┏━━

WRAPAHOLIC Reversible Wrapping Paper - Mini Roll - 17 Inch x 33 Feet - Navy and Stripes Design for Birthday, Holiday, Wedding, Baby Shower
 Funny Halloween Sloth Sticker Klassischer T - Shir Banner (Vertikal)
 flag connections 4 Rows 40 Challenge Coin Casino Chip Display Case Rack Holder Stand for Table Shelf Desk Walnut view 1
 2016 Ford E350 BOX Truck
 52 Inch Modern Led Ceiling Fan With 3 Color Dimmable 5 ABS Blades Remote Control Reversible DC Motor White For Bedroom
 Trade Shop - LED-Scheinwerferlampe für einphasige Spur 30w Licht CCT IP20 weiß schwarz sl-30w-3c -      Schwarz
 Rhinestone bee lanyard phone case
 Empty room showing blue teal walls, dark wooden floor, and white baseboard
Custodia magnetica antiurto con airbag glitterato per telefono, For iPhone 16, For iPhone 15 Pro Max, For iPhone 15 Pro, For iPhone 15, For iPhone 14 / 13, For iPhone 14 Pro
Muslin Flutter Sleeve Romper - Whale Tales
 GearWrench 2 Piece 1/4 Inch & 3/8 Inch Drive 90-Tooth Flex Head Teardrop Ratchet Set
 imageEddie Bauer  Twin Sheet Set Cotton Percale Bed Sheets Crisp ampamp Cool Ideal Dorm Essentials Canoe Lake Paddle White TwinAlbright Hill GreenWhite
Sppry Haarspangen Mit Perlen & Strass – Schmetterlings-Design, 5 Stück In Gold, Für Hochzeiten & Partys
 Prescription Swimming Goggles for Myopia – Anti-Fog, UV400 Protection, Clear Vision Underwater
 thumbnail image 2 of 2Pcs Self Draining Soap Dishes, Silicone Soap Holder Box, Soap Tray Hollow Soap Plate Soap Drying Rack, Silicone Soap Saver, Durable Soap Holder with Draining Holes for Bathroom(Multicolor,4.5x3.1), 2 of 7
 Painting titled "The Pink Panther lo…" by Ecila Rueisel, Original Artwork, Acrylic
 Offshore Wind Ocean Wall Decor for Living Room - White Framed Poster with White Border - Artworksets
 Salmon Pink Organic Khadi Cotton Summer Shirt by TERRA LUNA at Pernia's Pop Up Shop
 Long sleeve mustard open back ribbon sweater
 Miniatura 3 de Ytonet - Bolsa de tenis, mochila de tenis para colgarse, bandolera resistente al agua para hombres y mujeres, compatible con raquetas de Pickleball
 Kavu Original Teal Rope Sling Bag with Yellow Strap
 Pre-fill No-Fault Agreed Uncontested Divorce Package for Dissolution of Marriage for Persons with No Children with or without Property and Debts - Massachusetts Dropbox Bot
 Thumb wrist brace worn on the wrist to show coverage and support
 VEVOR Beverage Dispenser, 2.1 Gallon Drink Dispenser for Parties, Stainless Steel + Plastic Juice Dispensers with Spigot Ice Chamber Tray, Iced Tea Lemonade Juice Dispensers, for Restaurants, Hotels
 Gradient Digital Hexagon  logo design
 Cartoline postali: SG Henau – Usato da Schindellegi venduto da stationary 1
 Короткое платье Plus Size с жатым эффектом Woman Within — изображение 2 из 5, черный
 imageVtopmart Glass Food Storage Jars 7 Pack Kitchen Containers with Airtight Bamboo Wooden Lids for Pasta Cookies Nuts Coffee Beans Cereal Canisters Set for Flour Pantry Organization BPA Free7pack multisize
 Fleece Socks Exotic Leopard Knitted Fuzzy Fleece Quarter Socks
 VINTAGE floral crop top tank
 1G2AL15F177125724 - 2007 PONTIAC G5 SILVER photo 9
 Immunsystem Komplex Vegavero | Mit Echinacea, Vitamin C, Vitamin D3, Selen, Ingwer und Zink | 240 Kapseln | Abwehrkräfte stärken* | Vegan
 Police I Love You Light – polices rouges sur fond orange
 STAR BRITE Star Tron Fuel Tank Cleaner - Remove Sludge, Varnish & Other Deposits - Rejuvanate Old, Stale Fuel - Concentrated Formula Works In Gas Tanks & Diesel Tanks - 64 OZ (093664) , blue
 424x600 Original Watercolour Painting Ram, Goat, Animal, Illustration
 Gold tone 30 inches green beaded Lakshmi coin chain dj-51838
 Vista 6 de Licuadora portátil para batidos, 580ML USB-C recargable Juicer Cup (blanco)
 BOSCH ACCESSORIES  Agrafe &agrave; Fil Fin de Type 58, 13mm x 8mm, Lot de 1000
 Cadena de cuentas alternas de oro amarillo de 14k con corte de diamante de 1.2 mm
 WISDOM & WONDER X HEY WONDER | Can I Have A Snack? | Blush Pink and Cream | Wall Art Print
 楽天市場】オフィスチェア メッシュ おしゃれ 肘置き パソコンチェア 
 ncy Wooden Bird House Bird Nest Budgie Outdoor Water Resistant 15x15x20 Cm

┗━━

Problem description
From the first line of the listing above to the line that contains "Prescription Swimming Goggles", inclusive, restate every line word for word. Nothing else belongs in the answer.

Task answer
WRAPAHOLIC Reversible Wrapping Paper - Mini Roll - 17 Inch x 33 Feet - Navy and Stripes Design for Birthday, Holiday, Wedding, Baby Shower
 Funny Halloween Sloth Sticker Klassischer T - Shir Banner (Vertikal)
 flag connections 4 Rows 40 Challenge Coin Casino Chip Display Case Rack Holder Stand for Table Shelf Desk Walnut view 1
 2016 Ford E350 BOX Truck
 52 Inch Modern Led Ceiling Fan With 3 Color Dimmable 5 ABS Blades Remote Control Reversible DC Motor White For Bedroom
 Trade Shop - LED-Scheinwerferlampe für einphasige Spur 30w Licht CCT IP20 weiß schwarz sl-30w-3c -      Schwarz
 Rhinestone bee lanyard phone case
 Empty room showing blue teal walls, dark wooden floor, and white baseboard
Custodia magnetica antiurto con airbag glitterato per telefono, For iPhone 16, For iPhone 15 Pro Max, For iPhone 15 Pro, For iPhone 15, For iPhone 14 / 13, For iPhone 14 Pro
Muslin Flutter Sleeve Romper - Whale Tales
 GearWrench 2 Piece 1/4 Inch & 3/8 Inch Drive 90-Tooth Flex Head Teardrop Ratchet Set
 imageEddie Bauer  Twin Sheet Set Cotton Percale Bed Sheets Crisp ampamp Cool Ideal Dorm Essentials Canoe Lake Paddle White TwinAlbright Hill GreenWhite
Sppry Haarspangen Mit Perlen & Strass – Schmetterlings-Design, 5 Stück In Gold, Für Hochzeiten & Partys
 Prescription Swimming Goggles for Myopia – Anti-Fog, UV400 Protection, Clear Vision Underwater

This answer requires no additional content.